A page is the basic unit of memory itself (bits are the basic units of data). Page size is determined by the hardware itself. A page table is the mapping between virtual and physical memory. Physical memory is the memory on devices. The virtual memory is the addresses to the memory. Depending on the architecture of a system, there may be more addresses the hardware has the ability to access than what there is to access. For instance, on a 64-bit system with a 6GB RAM chip, an administrator can add more RAM if needed. This is because there are still more virtual addresses. However, on many 32-bit systems, an administrator can add an 8GB RAM chip, but the system will not use all of it because there are not enough virtual addresses for the system to use to access the large amount of RAM. Translation Lookaside Buffer (TLB) is a cache system that improves virtual address translation speed.

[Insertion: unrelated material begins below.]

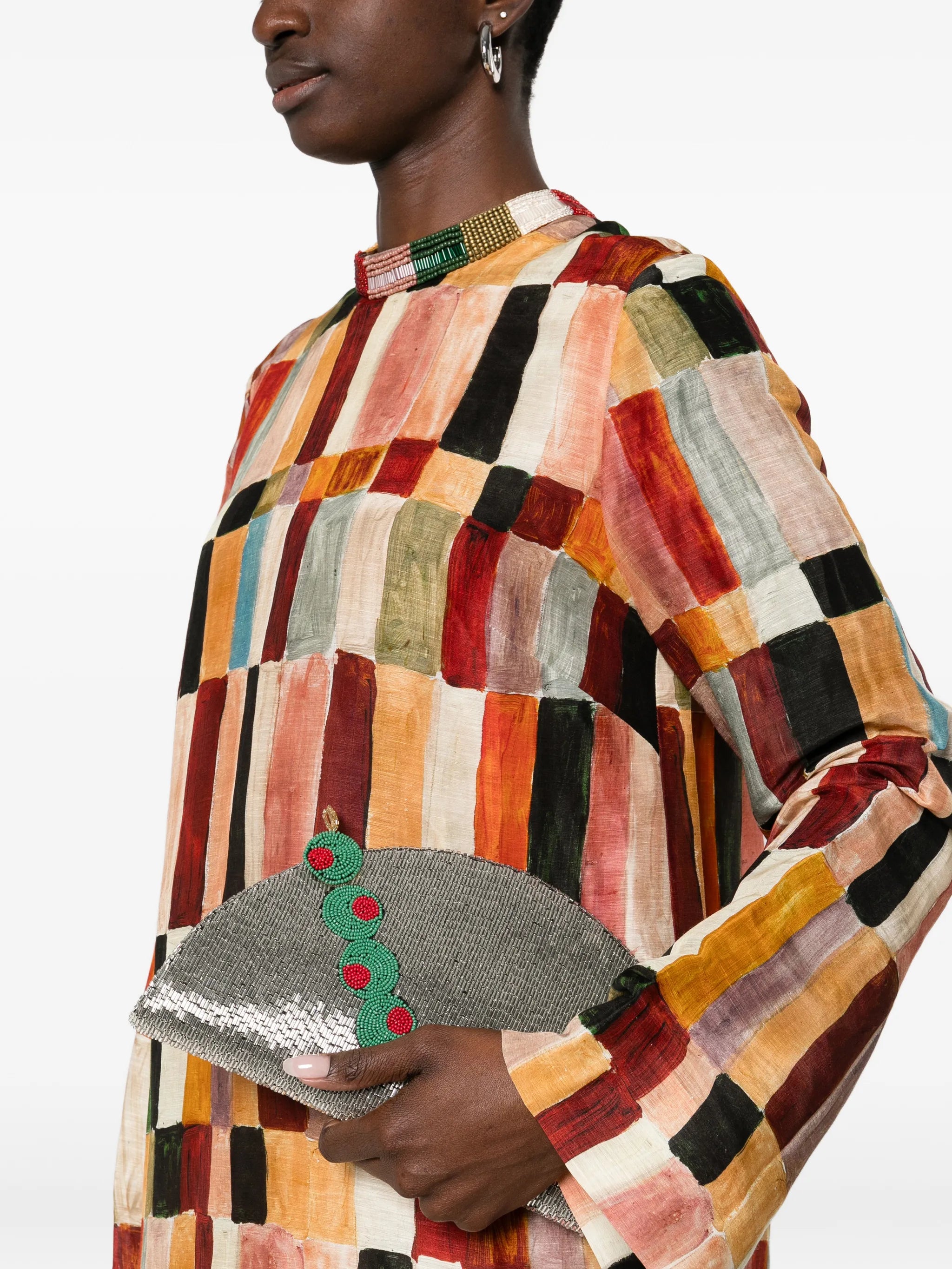 Lune Martini clutch bag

Reducing pressure on it keeps it from being so busy.
Next, we have a NUMA option (Numa Memory Allocation and Scheduler Support (NUMA)). This will allow the kernel to allocate memory used by the CPU on the local memory controller of the CPU. This support also makes the kernel more NUMA aware. Very few 32-bit systems need this feature, but some common 64-bit processors use this feature. I chose “no”.

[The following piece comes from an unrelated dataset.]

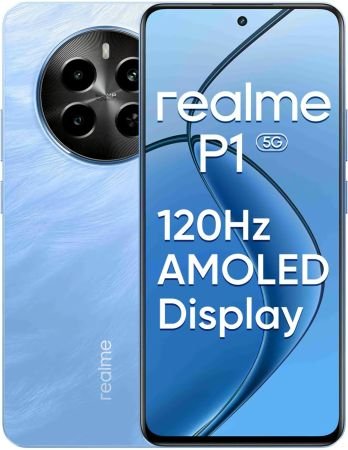 REALME P1 5G (FEATHER BLUE, 6 GB, 128 GB)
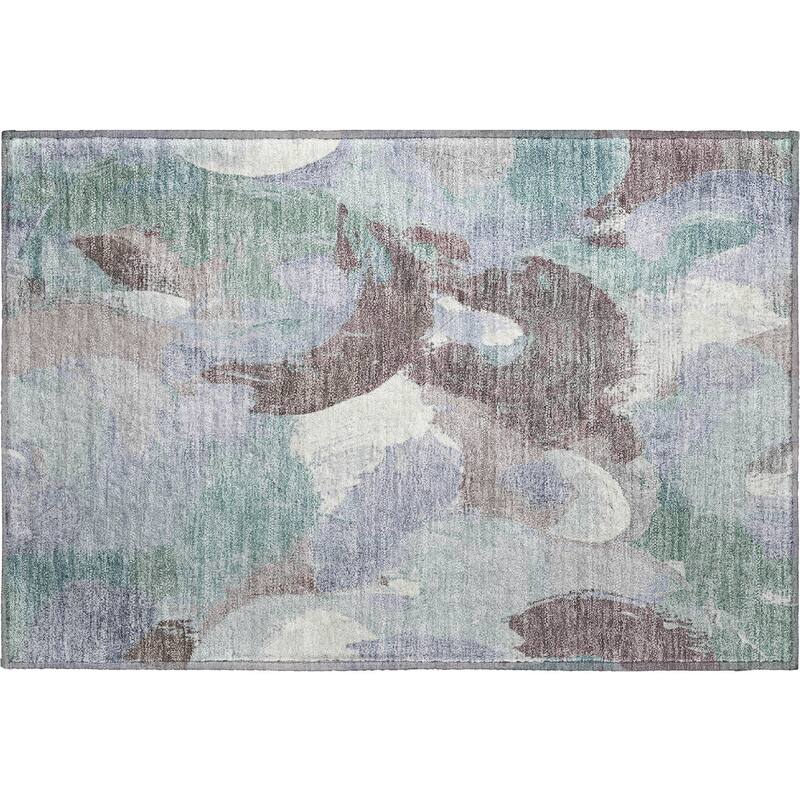 Premium Washable Super Soft Abstract Contemporary Mayfield Rug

For the system to detect AMD NUMA node topology using an old method, enable this feature (Old style AMD Opteron NUMA detection (AMD_NUMA)). Next is an option for a newer detection method (ACPI NUMA detection (X86_64_ACPI_NUMA)). If both are enabled, the newer one will dominate. Some hardware works better using one of the methods instead of the other.
For NUMA emulation for the purpose of debugging, enable this next feature (NUMA emulation (NUMA_EMU)).
NOTE: If you do not plan to do debugging and you need a fast, light-weight system, disable as many debugging features as you can.
In this next option, choose the maximum number of NUMA nodes your kernel is planned to handle. Then, choose the memory model. There may be only one choice for a memory model. The memory model specifies how the memory is stored.
Maximum NUMA Nodes (as a power of 2) (NODES_SHIFT) [6]
Memory model
> 1. Sparse Memory (SPARSEMEM_MANUAL)
choice[1]: 1
To help performance, there is this option for optimizing pfn_to_page and page_to_pfn operations via a virtually mapped memmap (Sparse Memory virtual memmap (SPARSEMEM_VMEMMAP)). Page Frame Number (pfn) is a number given to each page. These two operations get a page from a number or a number from a page.
Next is an option that allows a node to move memory (Enable to assign a node which has only movable memory (MOVABLE_NODE)). Kernel pages cannot normally be moved. When enabled, users can hotplug memory nodes. Also, movable memory allows memory defragmentation. As data goes in and out of memory, a set of data may get divided across the memory where ever there is space available.
Following the previous memory question, we have more. These may be preconfigured by the configuration tool. The third option (BALLOON_COMPACTION), when enabled, helps to lessen memory fragmentation. Fragmented memory can slow down the system. The fourth option (COMPACTION) allows memory to be compressed. The fifth option listed below (MIGRATION) allows pages to be moved.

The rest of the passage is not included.